When I first met Mike, he was a vicar at a CofE church in Wallington, Surrey. I was aged 18, had just finished my 'A' levels, and was on a young person's 'houseparty' organized by an Anglican youth organization, held in the lovely settings of Milton Abbey School in Dorset. Mike was one of the leaders. These houseparties were great fun; coming from the background of a boys' school, to be able to spend a week with 120 other kids half of whom were female was a wonderful opportunity, and one that I made the most of.
The following year I attended the same houseparty, this time as a 'helper' (I was now at university), and Mike introduced me to a remarkable group of young people from his own church. We got on so well that I spent a good deal of time in Wallington over the next few years, and several members of this group are still very good friends. One is my wife!
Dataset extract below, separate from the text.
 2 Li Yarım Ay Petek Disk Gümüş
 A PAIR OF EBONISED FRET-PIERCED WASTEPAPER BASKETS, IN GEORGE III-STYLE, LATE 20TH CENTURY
In my weekend trips to Wallington I saw quite a bit of Mike. He was incredibly intelligent (one of the smartest people I've met) and insightful, yet at the same time quiet, reserved and almost self-contained. He loved truthfulness, and absolutely hated any form of control. He inspired great loyalty in his friends, but also a perplexingly intense hostility in his enemies - and, sadly, he made quite a few of these in the congregation at Wallington, which eventually led to him leaving the Anglican church to go and work on the pictures desk at the Sunday Telegraph
In 1992 I completed my PhD and moved down to Wallington, and I needed somewhere to stay. I was engaged to be married to Fiona, but the wedding date was some months away. Unexpectedly, Mike offered me a room in his flat, so from October until the following May I moved in with him. Mike was an incredibly tidy, ordered person; I was somewhere close to the opposite, but there was never a moment's tension (I kept my mess to my room). It was during this time that Mike introduced me to wine. [It wasn't enough that he'd introduced me to the group of people who were to form my closest friendships - and in this process Fiona - he also introduced me to what was to become my career.]
Each Sunday evening a few of us would gather in Mike's flat, and he'd usually have an interesting bottle or two that he'd open. His interest in wine dated back to his time at Oxford, but he wore his knowledge very lightly, and didn't have any pretensions; nonetheless, he had a cultured, eclectic palate - and in the Wine House, a local merchant run buy a guy called Morvin Rodker, there was a good source of interesting bottles for us to experiment with.
I was inspired. I fondly remember one of the wines Mike showed us - the 1991 Brokenwood Graveyard Hermitage - which was to become my first multiple bottle purchase (3 at £13 each). I also remember Gonzalez Byas Matusalem sherry, and a birthday gift of a 1987 Warres Quinta da Cavadinha. I also recall sharing a 1982 Leoville Barton with this group, which was probably my first exposure to serious Bordeaux.
Fiona and I largely lost touch with Mike when we moved from Wallington to Twickenham in the mid-1990s. He came over to see us once; I also met him for lunch in Canary Wharf on one occasion. I wish we'd seen more of him. I guess we owe him a lot.